### WORK INSTRUCTIONS
Copy out every entry that follows, without a single picture.

### GIVEN DATA
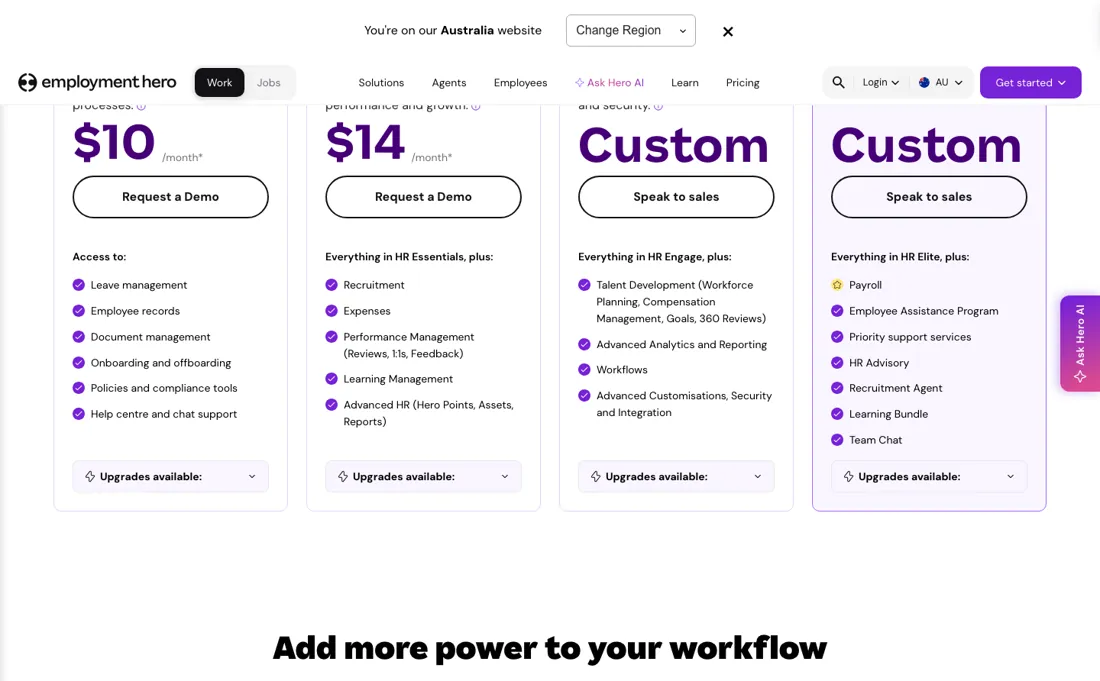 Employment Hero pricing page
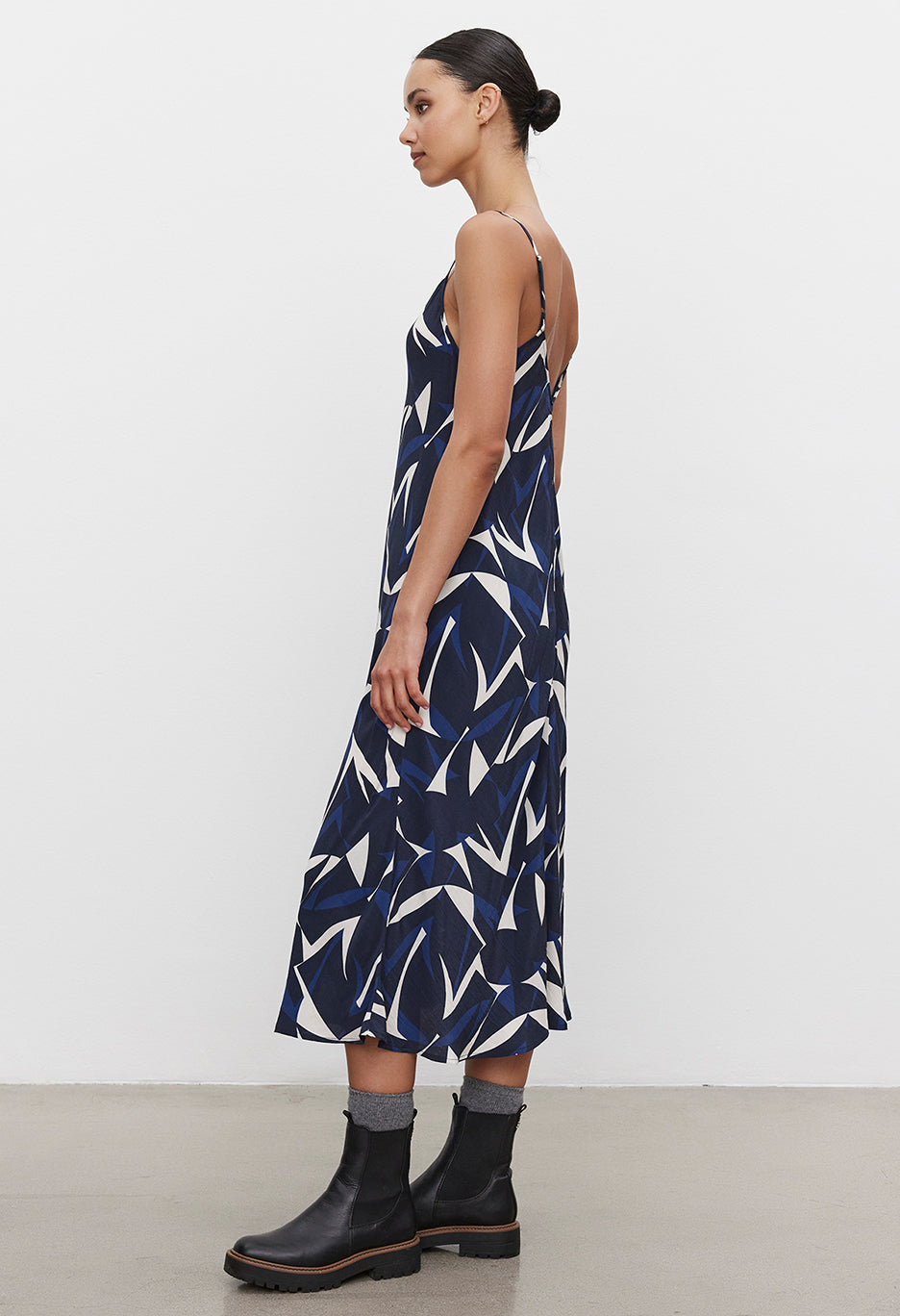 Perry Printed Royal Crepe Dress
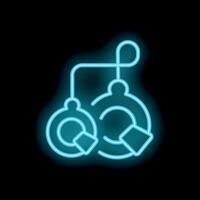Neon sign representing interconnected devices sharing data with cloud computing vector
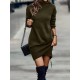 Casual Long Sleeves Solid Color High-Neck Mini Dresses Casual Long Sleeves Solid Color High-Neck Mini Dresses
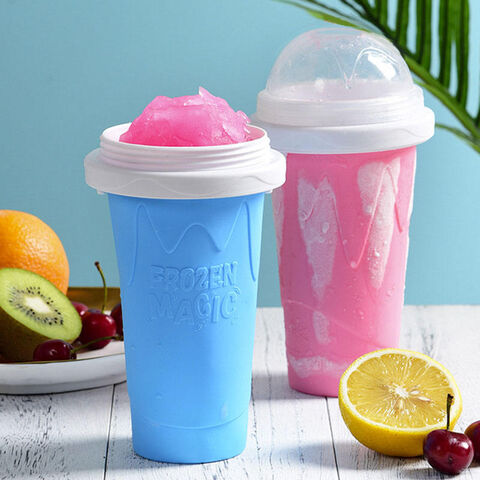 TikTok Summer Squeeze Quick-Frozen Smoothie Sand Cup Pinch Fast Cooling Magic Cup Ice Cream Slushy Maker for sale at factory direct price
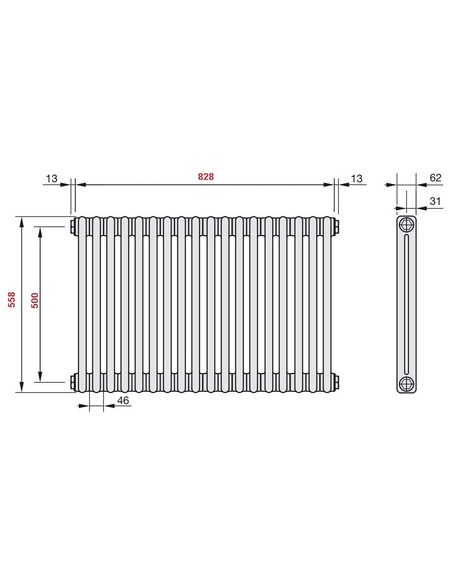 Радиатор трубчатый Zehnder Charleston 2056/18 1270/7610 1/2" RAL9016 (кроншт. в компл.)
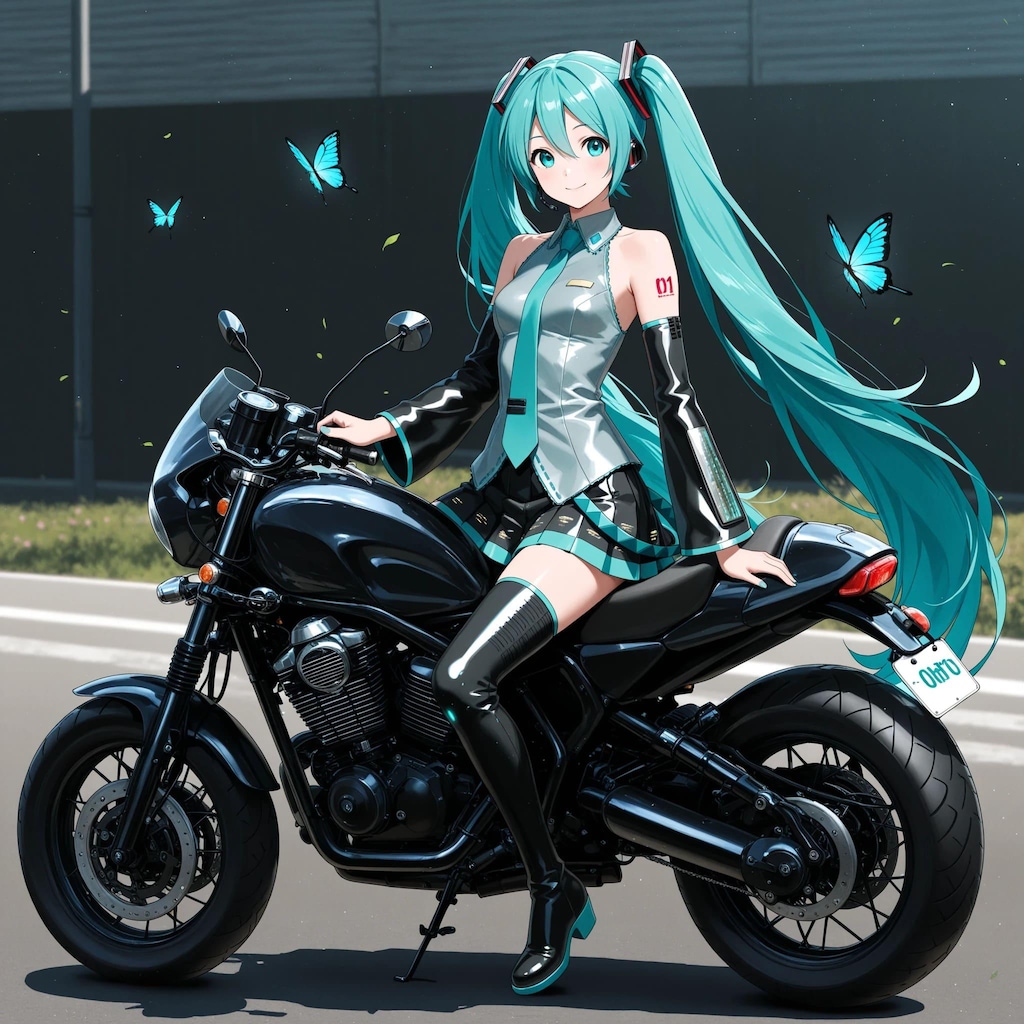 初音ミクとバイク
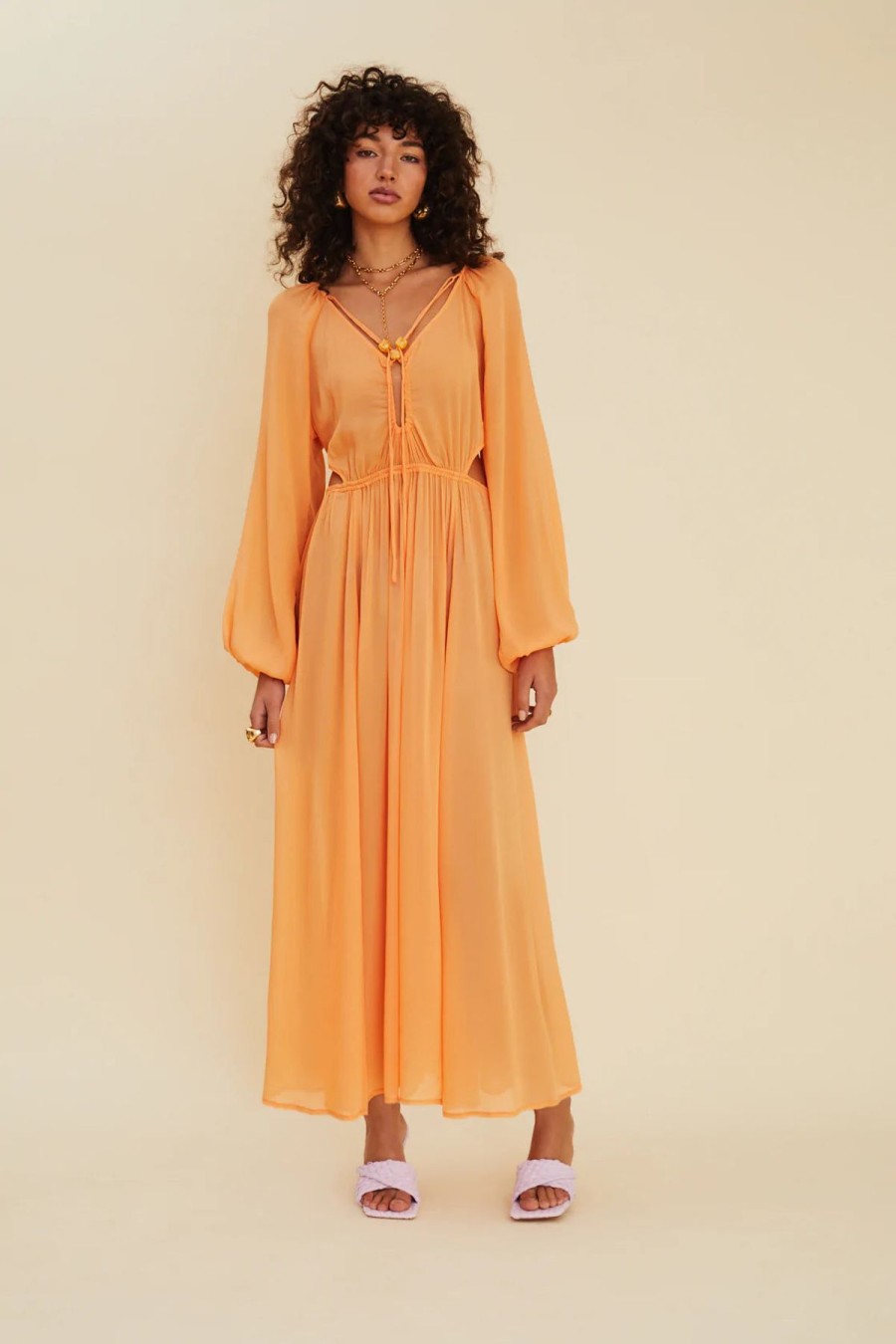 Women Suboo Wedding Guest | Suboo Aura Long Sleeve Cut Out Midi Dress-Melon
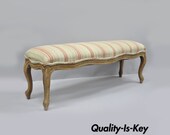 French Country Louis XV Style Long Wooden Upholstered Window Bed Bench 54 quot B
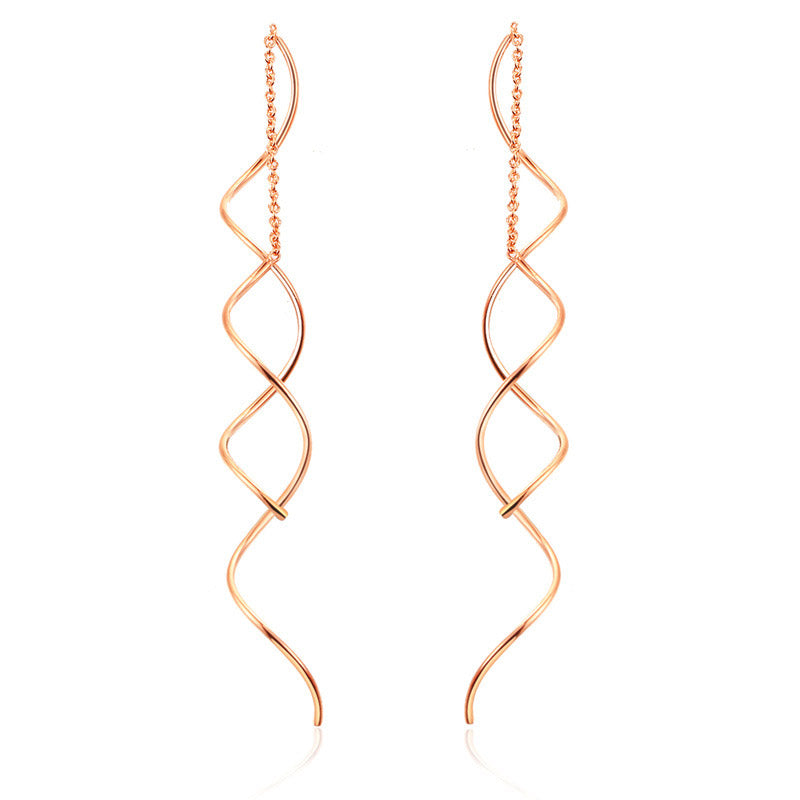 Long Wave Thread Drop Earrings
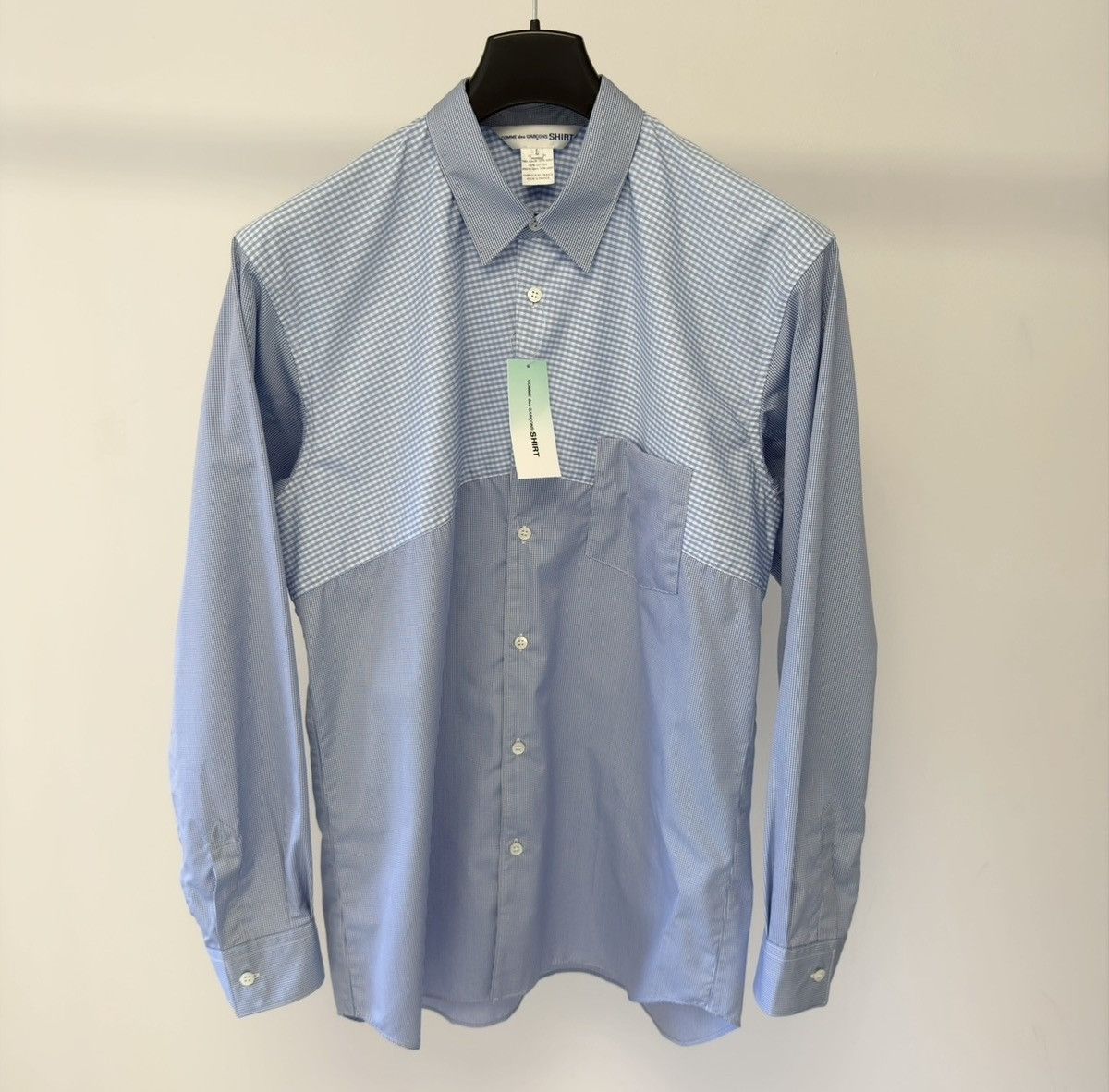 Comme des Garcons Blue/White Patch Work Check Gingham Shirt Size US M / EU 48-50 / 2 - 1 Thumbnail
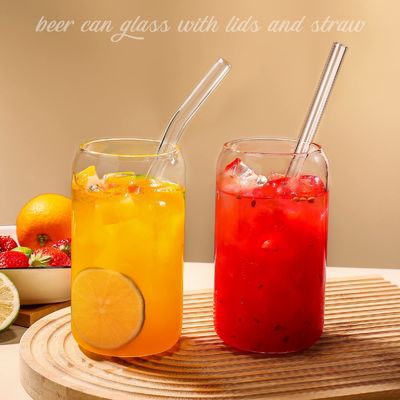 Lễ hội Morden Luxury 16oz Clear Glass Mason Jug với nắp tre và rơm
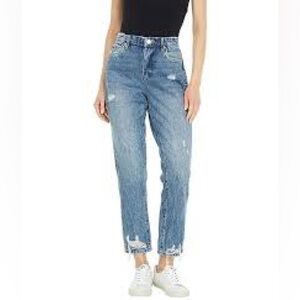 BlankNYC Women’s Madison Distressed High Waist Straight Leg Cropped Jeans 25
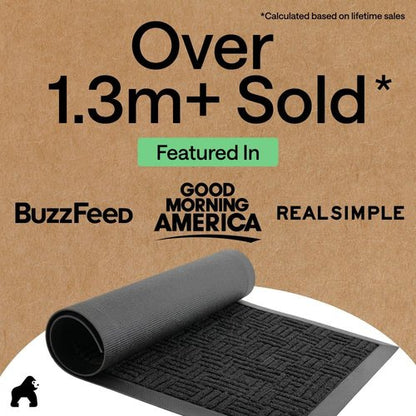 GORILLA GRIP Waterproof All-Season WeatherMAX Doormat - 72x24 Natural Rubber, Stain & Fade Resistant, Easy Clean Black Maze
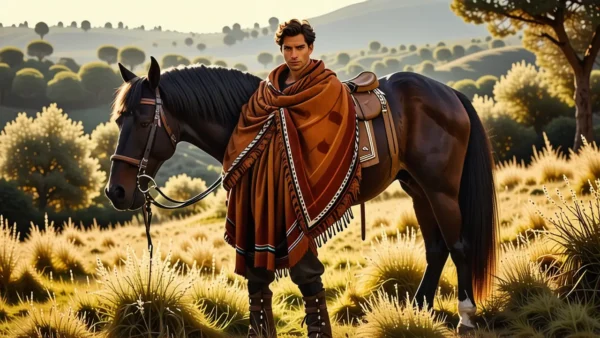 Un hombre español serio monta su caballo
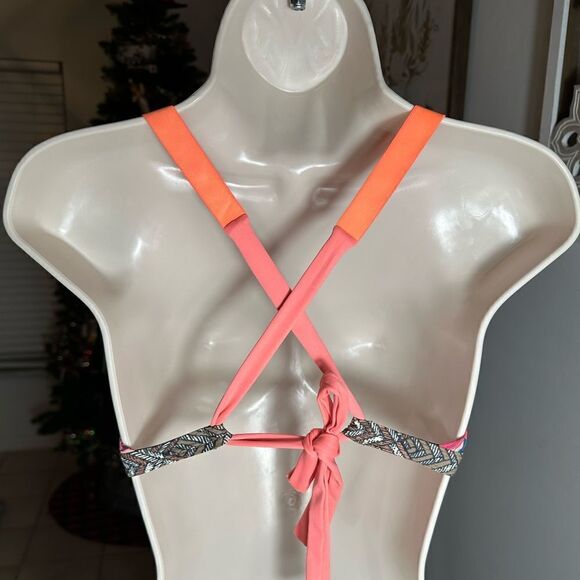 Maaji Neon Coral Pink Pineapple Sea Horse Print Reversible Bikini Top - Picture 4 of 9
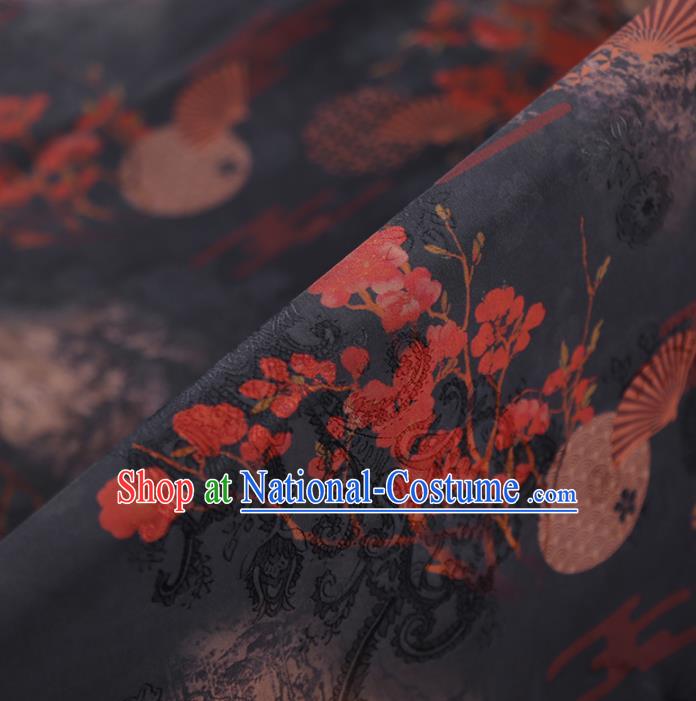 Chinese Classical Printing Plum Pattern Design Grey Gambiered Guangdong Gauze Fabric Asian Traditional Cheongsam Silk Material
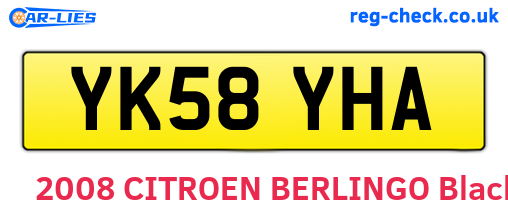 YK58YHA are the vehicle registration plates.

### EXPECTED ANSWER
 Employment Hero pricing page
 Perry Printed Royal Crepe Dress
Neon sign representing interconnected devices sharing data with cloud computing vector
 Casual Long Sleeves Solid Color High-Neck Mini Dresses Casual Long Sleeves Solid Color High-Neck Mini Dresses
 TikTok Summer Squeeze Quick-Frozen Smoothie Sand Cup Pinch Fast Cooling Magic Cup Ice Cream Slushy Maker for sale at factory direct price
 Радиатор трубчатый Zehnder Charleston 2056/18 1270/7610 1/2" RAL9016 (кроншт. в компл.)
 初音ミクとバイク
 Women Suboo Wedding Guest | Suboo Aura Long Sleeve Cut Out Midi Dress-Melon
 French Country Louis XV Style Long Wooden Upholstered Window Bed Bench 54 quot B
 Long Wave Thread Drop Earrings
 Comme des Garcons Blue/White Patch Work Check Gingham Shirt Size US M / EU 48-50 / 2 - 1 Thumbnail
 Lễ hội Morden Luxury 16oz Clear Glass Mason Jug với nắp tre và rơm
 BlankNYC Women’s Madison Distressed High Waist Straight Leg Cropped Jeans 25
 GORILLA GRIP Waterproof All-Season WeatherMAX Doormat - 72x24 Natural Rubber, Stain & Fade Resistant, Easy Clean Black Maze
 Un hombre español serio monta su caballo
 Maaji Neon Coral Pink Pineapple Sea Horse Print Reversible Bikini Top - Picture 4 of 9
 Chinese Classical Printing Plum Pattern Design Grey Gambiered Guangdong Gauze Fabric Asian Traditional Cheongsam Silk Material
 YK58YHA are the vehicle registration plates.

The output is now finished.